白盈然不说话,心里却委屈,连陆一洲都这样讲,还有什么好说呢?
“你就是这样想的对吗?”陆一洲走到她面前。
感觉到他从来未有的愤怒,白盈然不由后退半步,随即倔强抬头:“对,我要辞职。”
陆一洲不知所措。
他站在那里,努力平稳情绪。这是她的自由,他无可奈何。也许他早该放手,即使以前看不明白,现在也该明白了。她对他向来铁石心肠,不管他如何爱着她。
她当然可以辞职,可以离开。他怔怔看她,看着近在眼前朝思暮想了十多年的容颜,却一字一句迸出这样的话:“我不同意。”
白盈然也气过了头,转身直接往外走。陆一洲几步赶上,一把摁住已搭上门锁的手。
“你干什么?”白盈然用力挣了挣,没有挣脱,急道,“放手,不然我喊人了!”
“你喊。”陆一洲哑声道。
“你到底要干什么?”白盈然怒极。
“我问你到底要干什么?”
“我说了,我要辞职。”
“海恒和我,在你眼里真的这么一文不值,你就如此迫不及待地要离开?”
“对,我迫不及待。”连起码的信任都没有,为何还要留下。
陆一洲被白盈然眼里前所未有的坚决灼痛了心:“我知道你从来也不稀罕,不管我有多稀罕你,你……你真的和吴涛……”他说不下去,眼底漾起沮丧和痛楚。
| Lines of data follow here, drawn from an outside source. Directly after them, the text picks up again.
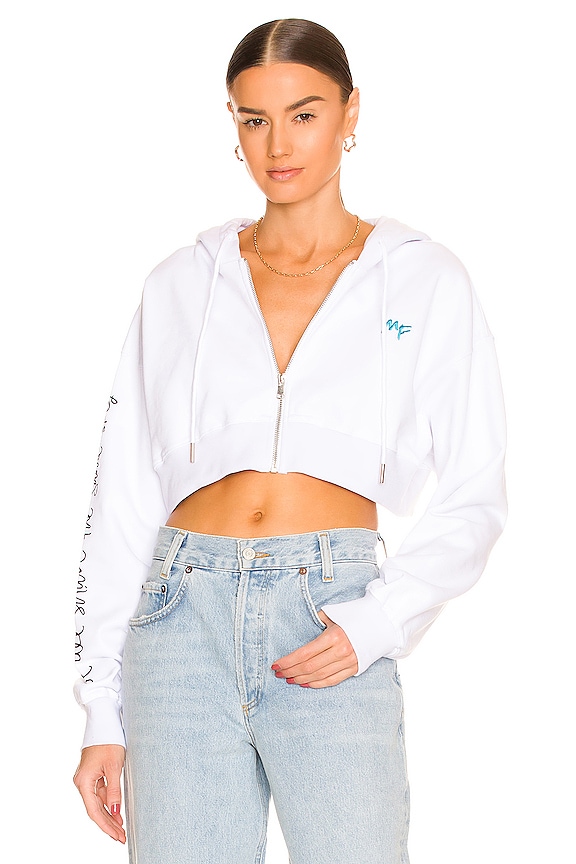 The Mayfair Group x REVOLVE Cropped Zip-Up Hoodie in White | REVOLVE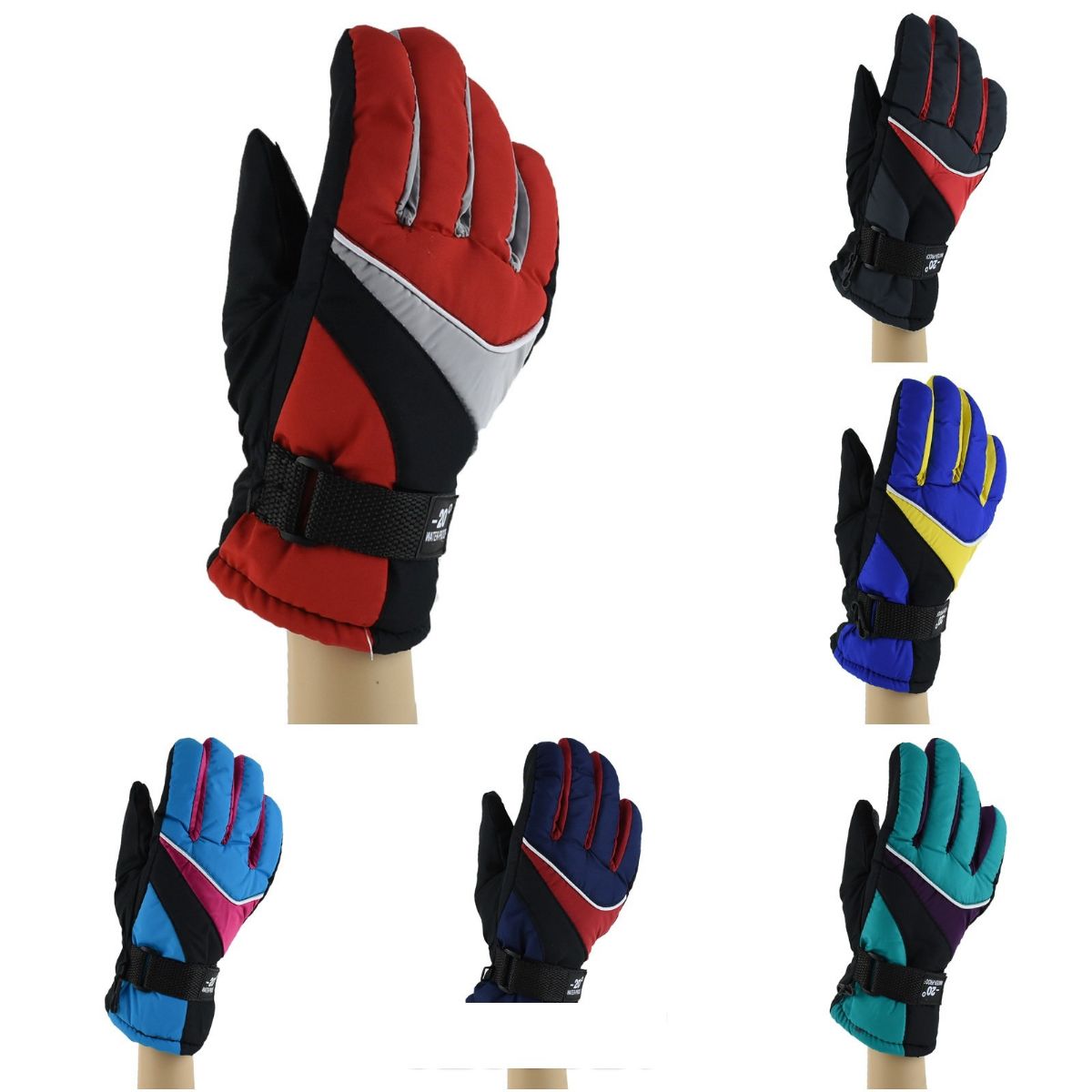 Wholesale Footwear Women's Ski Gloves Adjustable Strap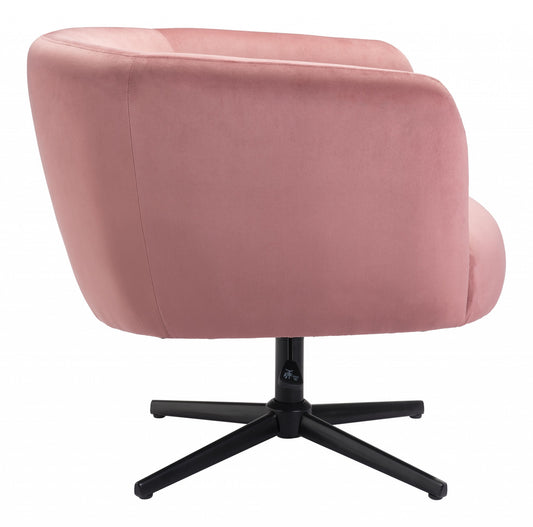 30" Pink And Black Velvet Swivel Barrel Chair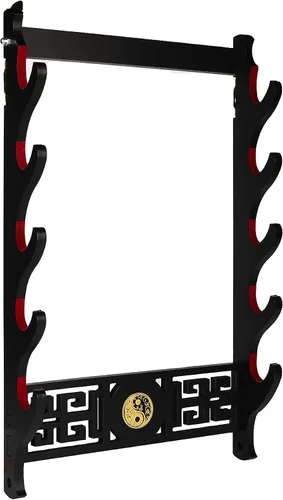 Vista 11 de Soporte para espada Katana - Soporte de pared acolchado de terciopelo Kirin de 1 nivel, soporte de Katana Samurái, soporte de exhibición de espada
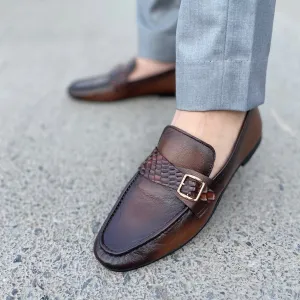LS Pure leather Handmade Buckled Chord-Stitch Brown Shoes LS-405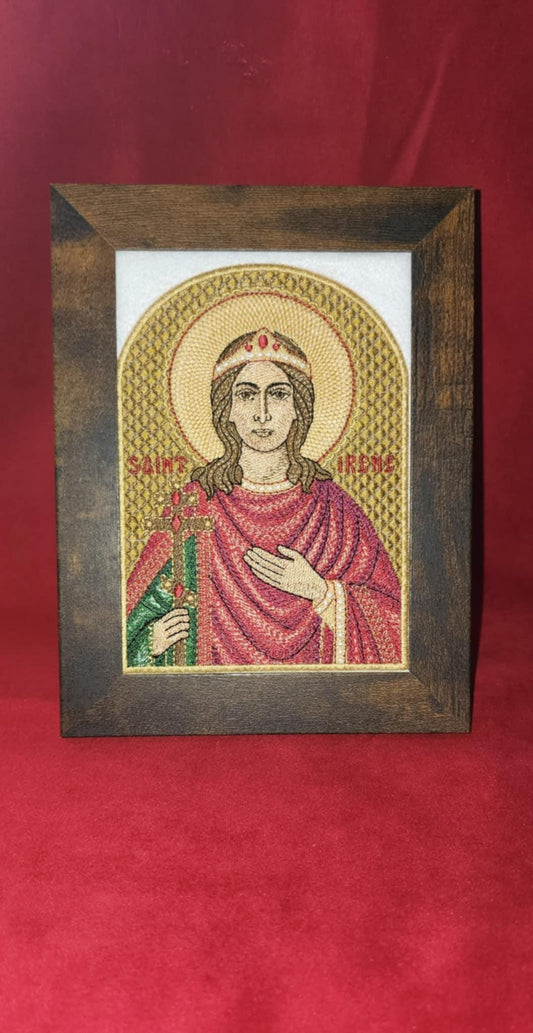 5x6.5 Framed to 5x7 Saint Irene of Thessaloniki Embroidered Orthodox Icon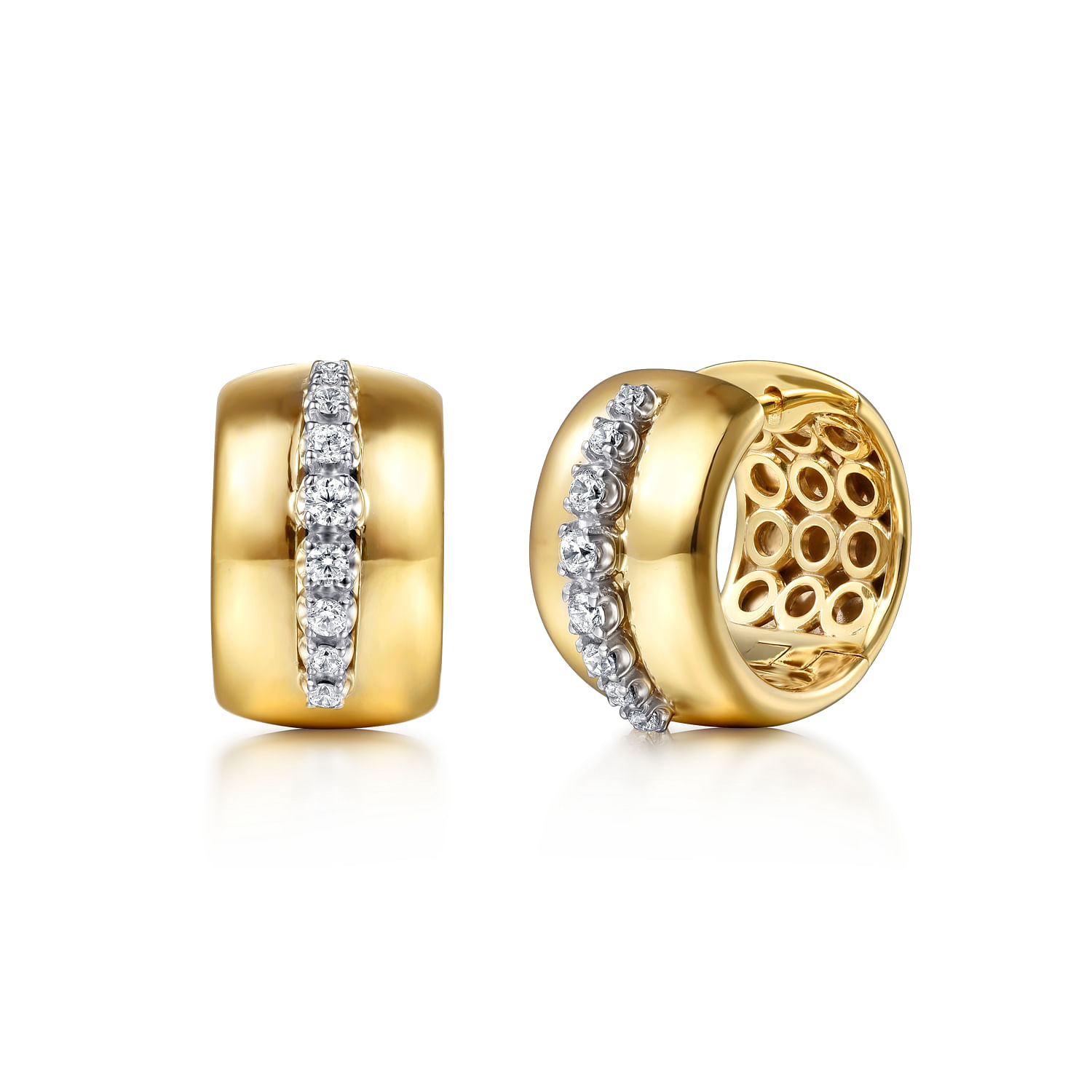 Fiora - 14K White  Yellow Gold Diamond Huggie Earrings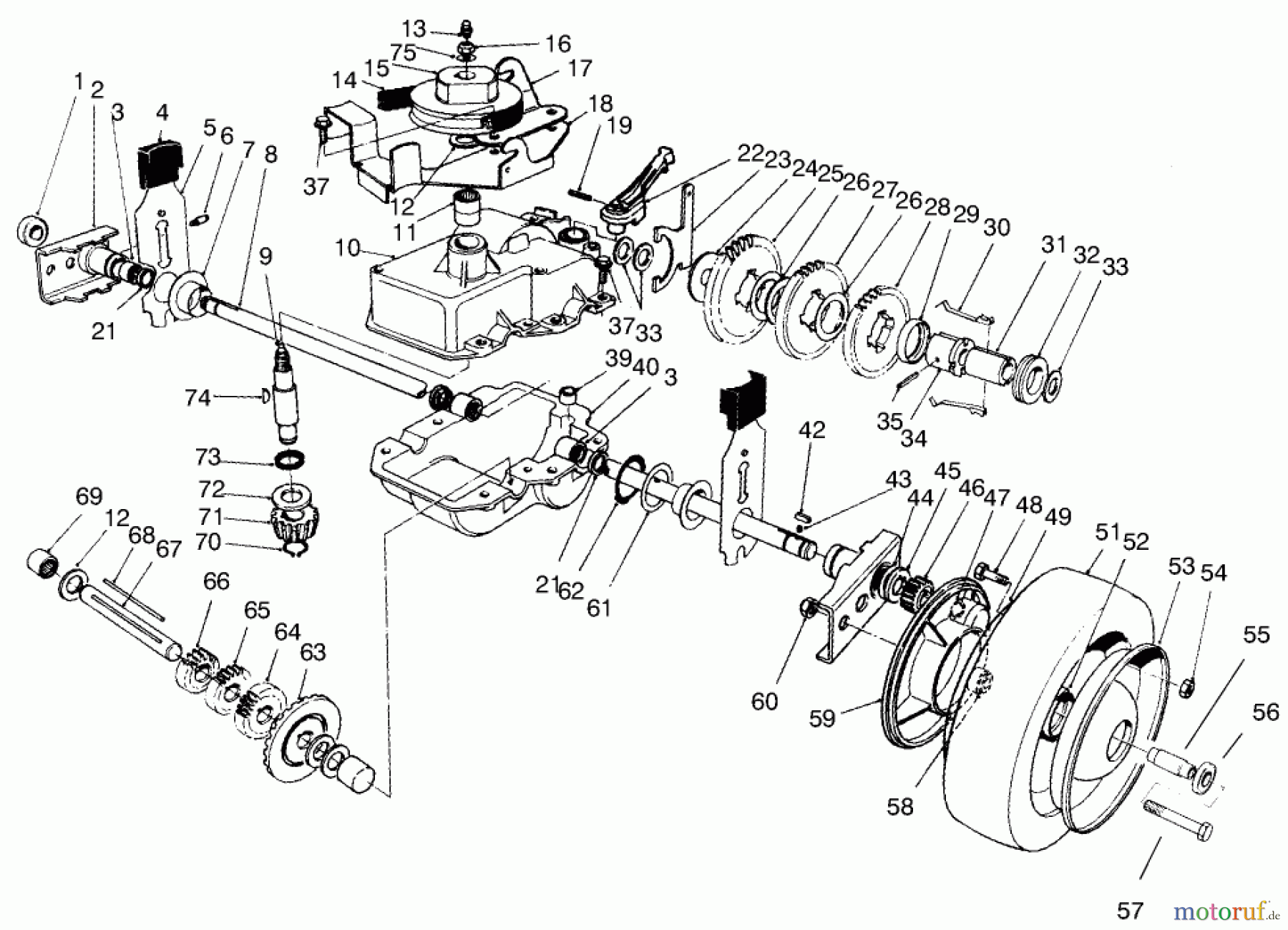  Toro Neu Mowers, Walk-Behind Seite 2 22701B - Toro Lawnmower, 1996 (69000001-69999999) GEAR CASE ASSEMBLY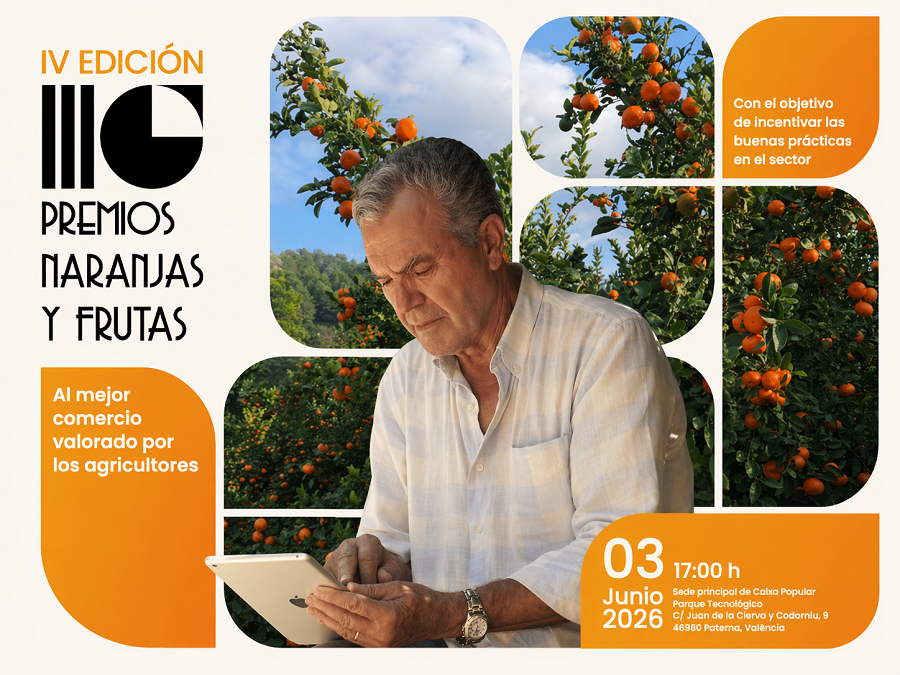 🏆<a href="/Naranjasyfrutas/">Naranjasyfrutas.com</a> convoca la IV edición del Premio al Mejor Comercio Citrícola Valorado por los Agricultores.

<a href="/caixapopular/">Caixa Popular</a> acogerá la entrega del galardón el próximo 3 de junio a las 17:00 horas en su sede principal del Parque Tecnológico de Paterna.

➡️acortar.link/BXfcQ2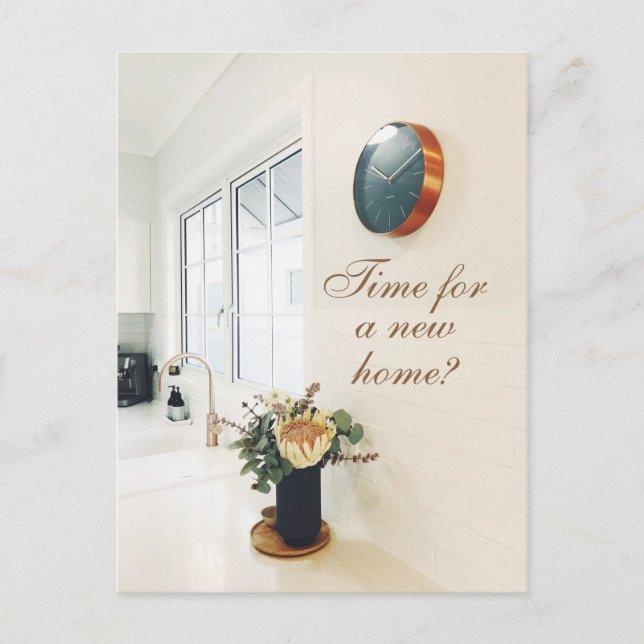 Tid för en ny bostad Fastighetsreklam Vykort (Framsida)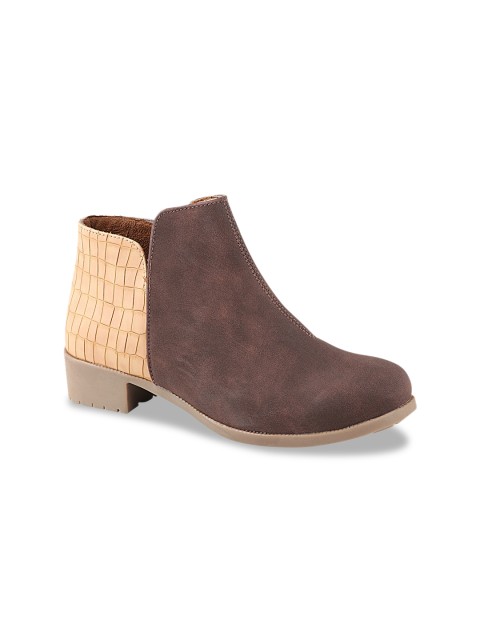 

Shoetopia Women Brown & Beige Colourblocked Heeled Boots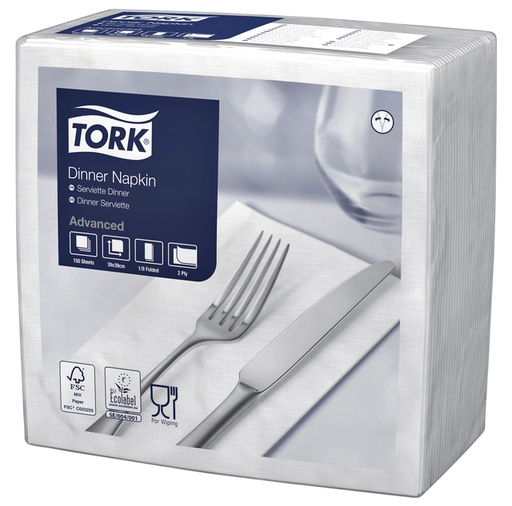 [892243] Serviette Tork Dinner 477554 2 épaisseurs pli 1/8 blanc 150 pièces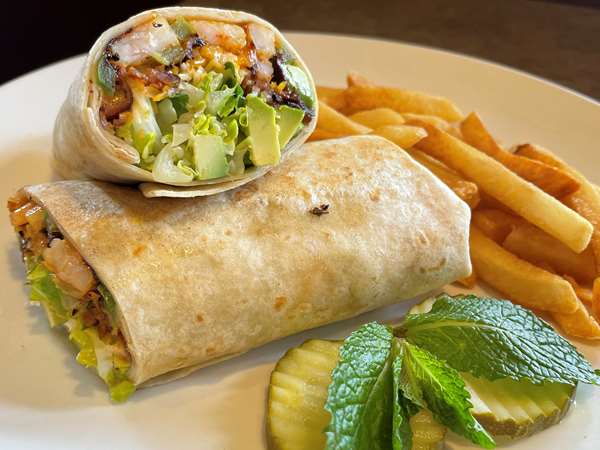 chicken caesar wrap with fries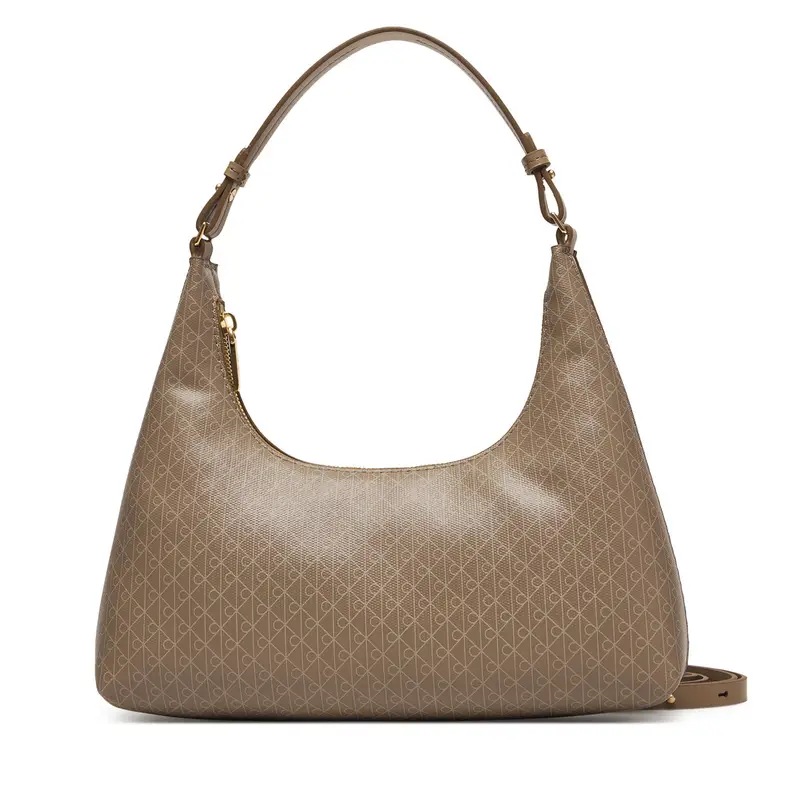 Borsetta Calvin Klein Emblem Aop Conv Shoulder Bag LV04F3298G Beige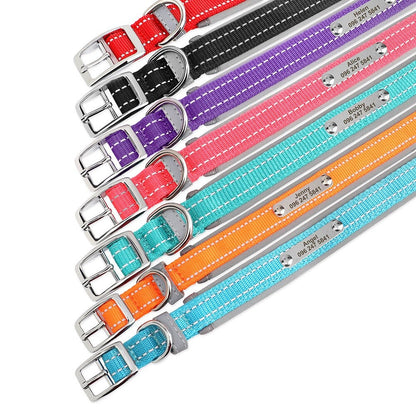 Personalised Reflective Nylon Dog Collar with Custom Name Buckle for Small to Large Dog, Au, Us, Uk, Ca Fast Free Ship
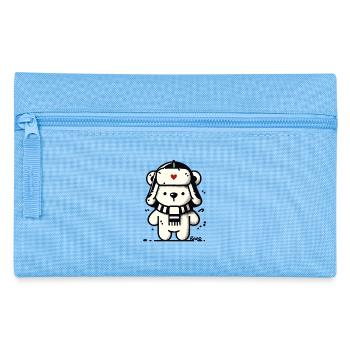 Cute funny bear with scarf and winter hat - Pencil Case - light blue - Front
白盈然看着他,有一瞬想告诉他是自己拿了会议记录给吴涛,可那是在检察院的人来海恒之后,她只是想叫他们不要冤枉了他。
但她终于没有把那些话说出来,清者自清,无须解释。从小到大,她一旦发现与某人失去信任,绝不会再多费口舌。所谓缘尽,离开就是,遗忘便好。
陆一洲将手慢慢移开,看见被自己摁住的手上起了一片红痕。是他一时情急,不知不觉用了力。
“对不起。”他说,却再一次覆上那瞬时就要旋开门锁的手恳求,“你别走,至少现在别走,别在这个时候离开我……”
偌大的海恒,大概也只有白盈然支持他召回那些药。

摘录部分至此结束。